Bank of England 'underestimated' inflation, says chief economist

Huw Pill, the Bank of England’s chief economist, says it “underestimated” inflation, saying a “series of very big shocks” that it could not anticipate have had an impact, including Russia’s invasion of Ukraine and the Omicron Covid variant. Mr Pill went on to insist that the central bank had not acted too late to curb the surge in prices. He said the Bank “started earlier than some other central banks,” adding that since the first increase in interest rates in December, it has “done as much as other central banks have done more quickly in recent times.” Mr Pill also said the Bank will raise interest rates more aggressively to ease soaring living costs if there are signs of inflation becoming persistently higher for longer than expected. He told Bloomberg TV: “If we see greater evidence that the current high level of inflation is becoming embedded in pricing behaviour by firms, in wage-setting behaviour by firms and workers, then that will be the trigger for this more aggressive action.” Mr Pill is a member of the Bank’s Monetary Policy Committee, which this week voted for a 0.25-point interest rate rise, taking it to 1.25%.

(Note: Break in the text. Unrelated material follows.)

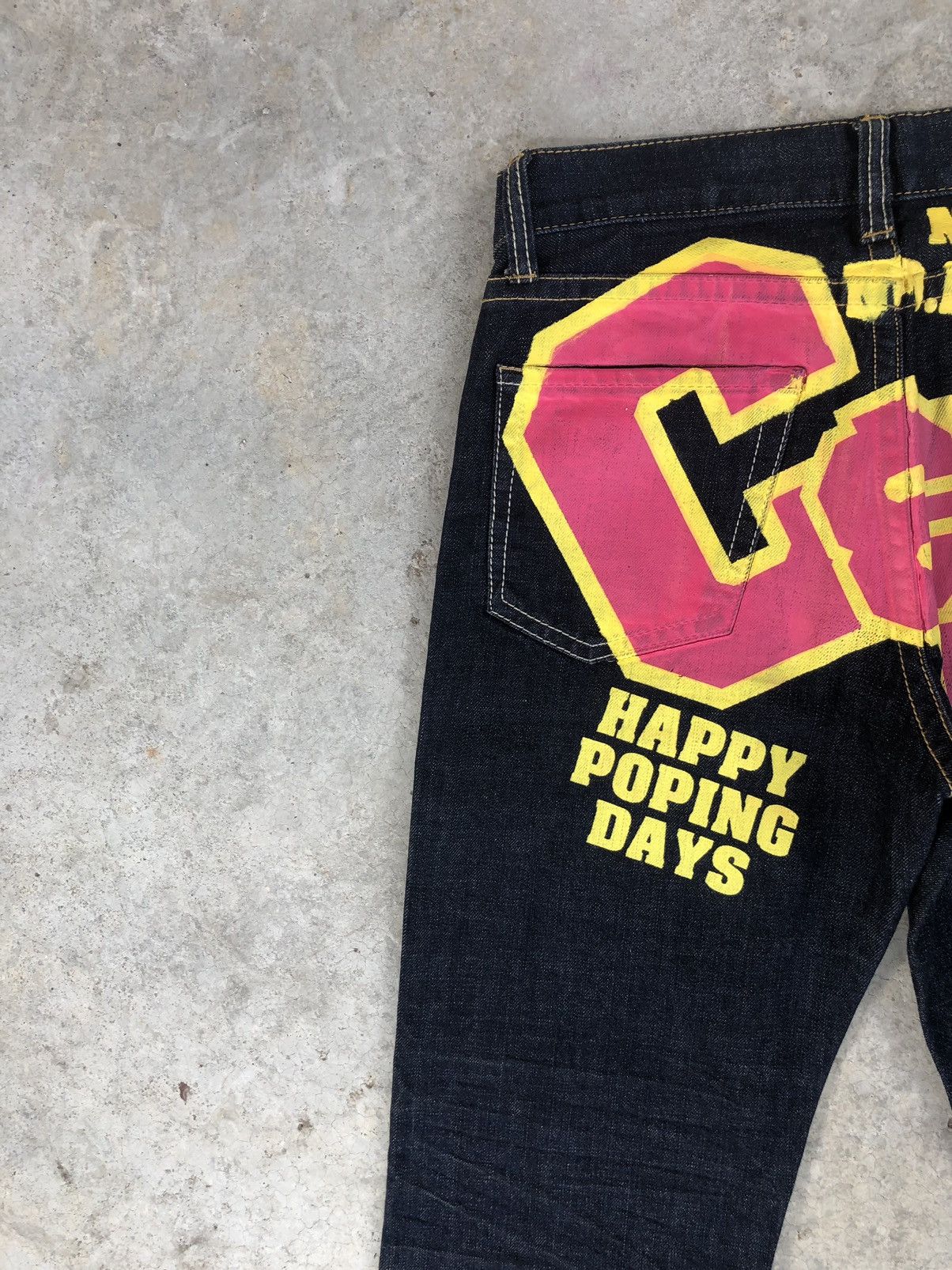 Japanese Brand Vintage Co & Lu Daicock Evisu Style Selvedge Big Logo Size US 31 - 9 Thumbnail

National debt interest hits £100bn a year

Interest payments on the UK’s £2.3trn national debt are set to top £100bn a year, with the interest bill having more than doubled since before the pandemic. This will cost each household £2,426 a year – more than £500 higher than previously forecast. In March the independent Office for Budget Responsibility (OBR) said interest payments on the debt would peak at a record £83bn in the year to April 2023, with this double what it had predicted five months earlier. New analysis using the OBR’s own forecasting model shows the figure could instead hit £106bn as interest rates continue to rise. A Treasury spokesman said: “We’ve always been aware of risks to debt interest costs from rising inflation and interest rates, which is why we have taken a balanced and responsible approach to the public finances.”

Three quarters of CEOs expect global recession

Three quarters of global business leaders are expecting a global recession within the next 12 to 18 months, pointing to Russia’s invasion of Ukraine as a key factor in the economic decline. A Conference Board survey found that 76% of CEOs across the world expected their region to fall into recession - or feel it already has. The poll of 750 chief executives shows a shift from a year ago when just 22% expected a recession.


Interest-free loan scheme expanded

A scheme offering interest-free loans to the financially vulnerable is being expanded. Following a successful trial in Manchester, the No Interest Loan Scheme will be rolled out across the UK from September. The Treasury-backed scheme, which will be run by credit unions and other lenders, offers emergency loans to people who would normally be turned down as they cannot afford the interest payments. The pilot is being funded with £3.8m committed from the Treasury, £1.2m from JPMorgan Chase and up to £1m of lending capital from each devolved administration, matched in England by Fair4All Finance. The nationwide pilot phase is designed to offer small scale help to 20,000 people. If this proves successful, a feasibility study suggests a full-scale roll-out could reach 500,000 people.